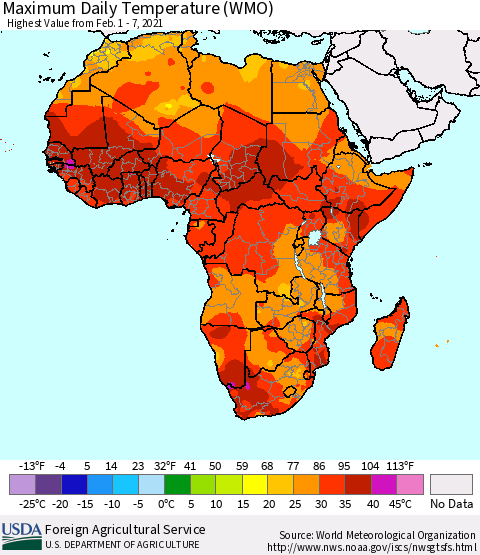 Africa Maximum Daily Temperature (WMO) Thematic Map For 2/1/2021 - 2/7/2021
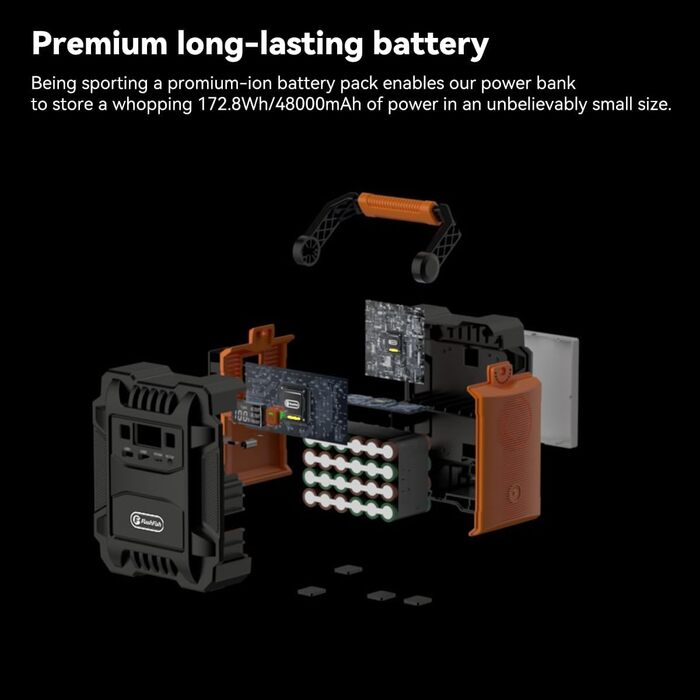 Портативна електростанція FlashFish потужністю 200 Вт із сонячною панеллю 100 Вт, сонячний генератор потужністю 172,8 Втгод зі світлодіодним підсвічуванням, вихід чистої синусоїди 230 В змінного струму, аварійний блок живлення від акумулятора для кемпінгу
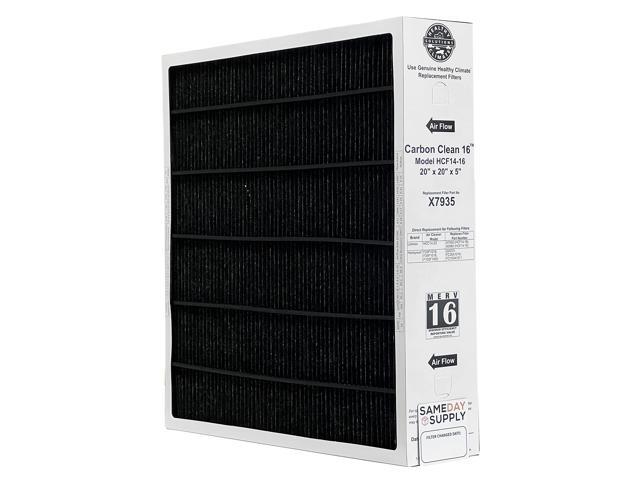 X7935 20x20x5 Healthy Climate Carbon-Clean MERV 16 Filter Bundle with Same Day Supply Filter Change Reminder Magnet (1-Pack)
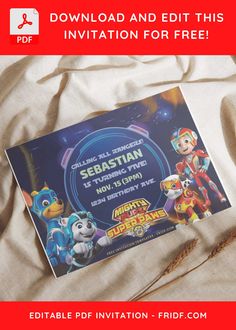 an image of a birthday party with paw patrol on the front and back cover for this free printable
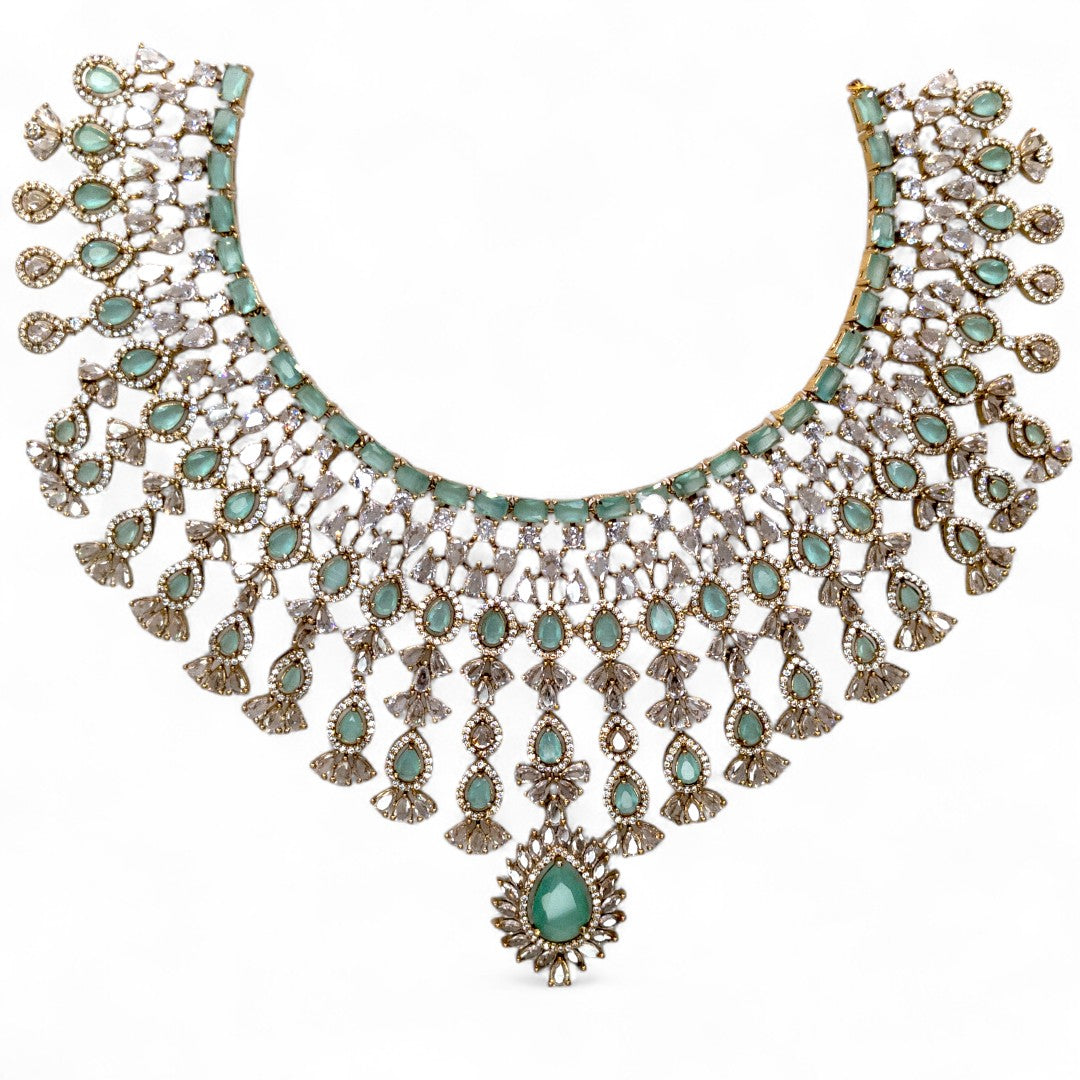 Temple Necklace with Earrings - gold | green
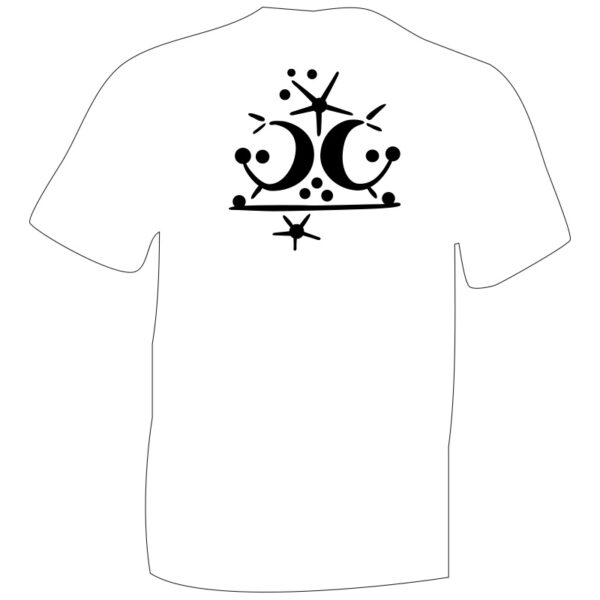 iceni Crescent White TShirt, Black Flock image on White Cotton T-shirt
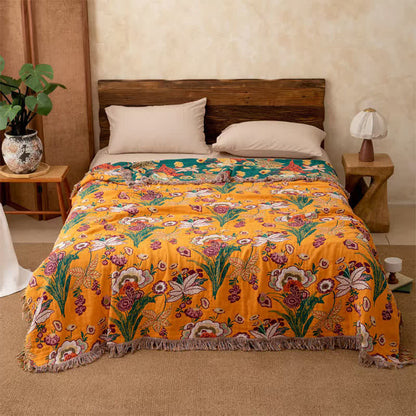 Boho Reversible Cotton GauzeTassel Blanket Quilt - King - image 0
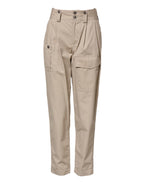 Beige Cotton High Waisted Pants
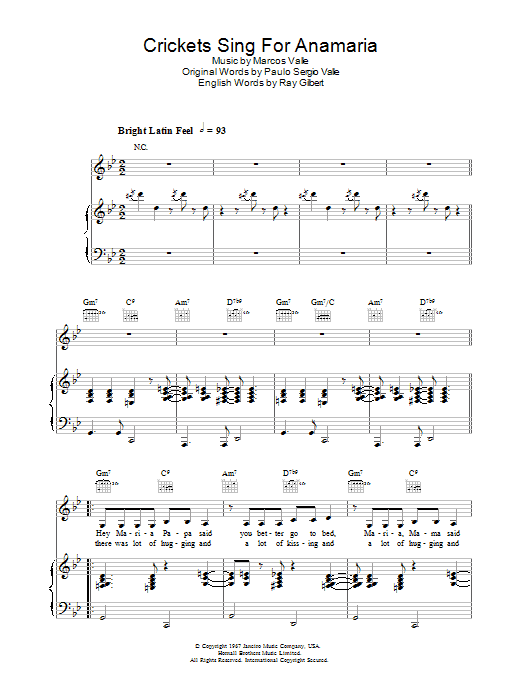 Learn to play Astrud Gilberto Crickets Sing For Anamaria sheet music for Piano, Vocal & Guitar Chords in minutes. Price: 7.8900$ Astrud Gilberto Crickets Sing For Anamaria sheet music notes and chords arranged for Piano, Vocal & Guitar Chords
--*--
*PROBLEM REQUIREMENTS:* Copy all of the entries verbatim, leaving out any pictures they contain.

*ANSWER FOR THIS EXERCISE:*
 Africa Maximum Daily Temperature (WMO) Thematic Map For 2/1/2021 - 2/7/2021
 Портативна електростанція FlashFish потужністю 200 Вт із сонячною панеллю 100 Вт, сонячний генератор потужністю 172,8 Втгод зі світлодіодним підсвічуванням, вихід чистої синусоїди 230 В змінного струму, аварійний блок живлення від акумулятора для кемпінгу
 X7935 20x20x5 Healthy Climate Carbon-Clean MERV 16 Filter Bundle with Same Day Supply Filter Change Reminder Magnet (1-Pack)
 an image of a birthday party with paw patrol on the front and back cover for this free printable
 Temple Necklace with Earrings - gold | green
 iceni Crescent White TShirt, Black Flock image on White Cotton T-shirt
 Boho Reversible Cotton GauzeTassel Blanket Quilt - King - image 0
 Beige Cotton High Waisted Pants
 Learn to play Astrud Gilberto Crickets Sing For Anamaria sheet music for Piano, Vocal & Guitar Chords in minutes. Price: 7.8900$ Astrud Gilberto Crickets Sing For Anamaria sheet music notes and chords arranged for Piano, Vocal & Guitar Chords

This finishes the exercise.